The requirement is to create access package with few roles so that the users can perform below activities:
Read & write access to data stored in a given blob container ('abc' blob container).
Role to access azure data factory to build pipeline, process & load the data to a staging area (to Blob container or SQL server).
DDL & DML and execute permission role to access the data/database in SQL server environment.
I was referring Azure RBAC and built-in-roles but unable to get clear idea considering the above points.
My question is, is there any build in roles there OR do I need to create the custom role?
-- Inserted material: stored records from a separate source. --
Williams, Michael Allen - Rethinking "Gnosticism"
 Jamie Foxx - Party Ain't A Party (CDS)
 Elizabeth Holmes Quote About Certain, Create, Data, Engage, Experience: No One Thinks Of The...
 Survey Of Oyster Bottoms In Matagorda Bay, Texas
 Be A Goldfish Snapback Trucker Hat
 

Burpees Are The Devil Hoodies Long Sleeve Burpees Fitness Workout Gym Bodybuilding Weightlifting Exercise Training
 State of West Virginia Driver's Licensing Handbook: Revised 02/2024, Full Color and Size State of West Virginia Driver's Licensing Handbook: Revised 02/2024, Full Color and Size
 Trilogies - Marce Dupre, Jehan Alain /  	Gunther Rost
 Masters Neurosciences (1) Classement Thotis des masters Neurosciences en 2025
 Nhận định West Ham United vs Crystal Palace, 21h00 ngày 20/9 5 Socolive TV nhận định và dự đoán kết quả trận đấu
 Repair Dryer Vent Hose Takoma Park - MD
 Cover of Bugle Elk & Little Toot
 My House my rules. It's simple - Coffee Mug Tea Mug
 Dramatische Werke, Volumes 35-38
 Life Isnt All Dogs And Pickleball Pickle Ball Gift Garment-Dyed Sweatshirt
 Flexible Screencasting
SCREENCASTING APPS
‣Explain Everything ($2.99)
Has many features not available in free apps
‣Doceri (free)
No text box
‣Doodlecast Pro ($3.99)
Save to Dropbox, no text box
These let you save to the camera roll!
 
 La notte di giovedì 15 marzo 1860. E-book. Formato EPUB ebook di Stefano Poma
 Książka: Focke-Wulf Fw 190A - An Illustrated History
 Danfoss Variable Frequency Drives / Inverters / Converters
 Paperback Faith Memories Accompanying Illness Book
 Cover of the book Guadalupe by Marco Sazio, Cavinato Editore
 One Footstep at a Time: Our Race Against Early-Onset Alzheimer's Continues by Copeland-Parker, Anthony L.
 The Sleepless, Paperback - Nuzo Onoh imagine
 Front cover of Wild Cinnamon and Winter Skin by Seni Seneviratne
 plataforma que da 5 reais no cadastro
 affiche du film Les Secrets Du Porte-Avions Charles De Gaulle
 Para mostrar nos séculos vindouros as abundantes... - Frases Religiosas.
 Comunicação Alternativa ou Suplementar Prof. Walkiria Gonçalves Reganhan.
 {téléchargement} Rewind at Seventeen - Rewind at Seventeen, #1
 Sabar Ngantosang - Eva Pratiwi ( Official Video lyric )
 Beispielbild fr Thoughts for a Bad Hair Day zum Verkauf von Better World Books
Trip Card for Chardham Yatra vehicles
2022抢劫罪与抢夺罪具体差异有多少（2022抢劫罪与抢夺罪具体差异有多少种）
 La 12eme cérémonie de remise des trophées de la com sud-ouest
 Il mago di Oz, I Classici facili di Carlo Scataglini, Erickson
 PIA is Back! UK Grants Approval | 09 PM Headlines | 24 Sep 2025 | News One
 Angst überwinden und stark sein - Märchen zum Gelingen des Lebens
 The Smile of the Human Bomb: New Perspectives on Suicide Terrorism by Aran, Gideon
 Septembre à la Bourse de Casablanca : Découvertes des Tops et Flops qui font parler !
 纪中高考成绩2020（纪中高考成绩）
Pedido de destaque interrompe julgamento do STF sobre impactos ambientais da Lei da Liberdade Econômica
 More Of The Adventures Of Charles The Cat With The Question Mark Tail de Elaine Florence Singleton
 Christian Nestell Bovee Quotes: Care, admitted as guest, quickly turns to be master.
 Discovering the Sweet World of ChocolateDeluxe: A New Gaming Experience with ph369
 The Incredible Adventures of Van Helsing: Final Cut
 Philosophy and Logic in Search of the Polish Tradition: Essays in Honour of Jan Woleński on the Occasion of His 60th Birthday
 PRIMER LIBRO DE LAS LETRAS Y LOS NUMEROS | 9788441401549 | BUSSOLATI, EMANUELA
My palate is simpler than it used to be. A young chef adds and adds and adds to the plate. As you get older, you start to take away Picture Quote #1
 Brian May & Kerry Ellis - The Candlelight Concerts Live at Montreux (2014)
And, how to create custom role (for above requirements) considering baseline security?
Is there any ways, can I get additional actions by referring which I can write custom JSON scripts?
My question is, Is the RBAC roles possible for SQL Server in a VM? If yes, how?
Additionally, if I have both PaaS instance of SQL Server and VM instance of SQL Server (that is, SQL Server in VM) - how the RBAC roles will be managed for both?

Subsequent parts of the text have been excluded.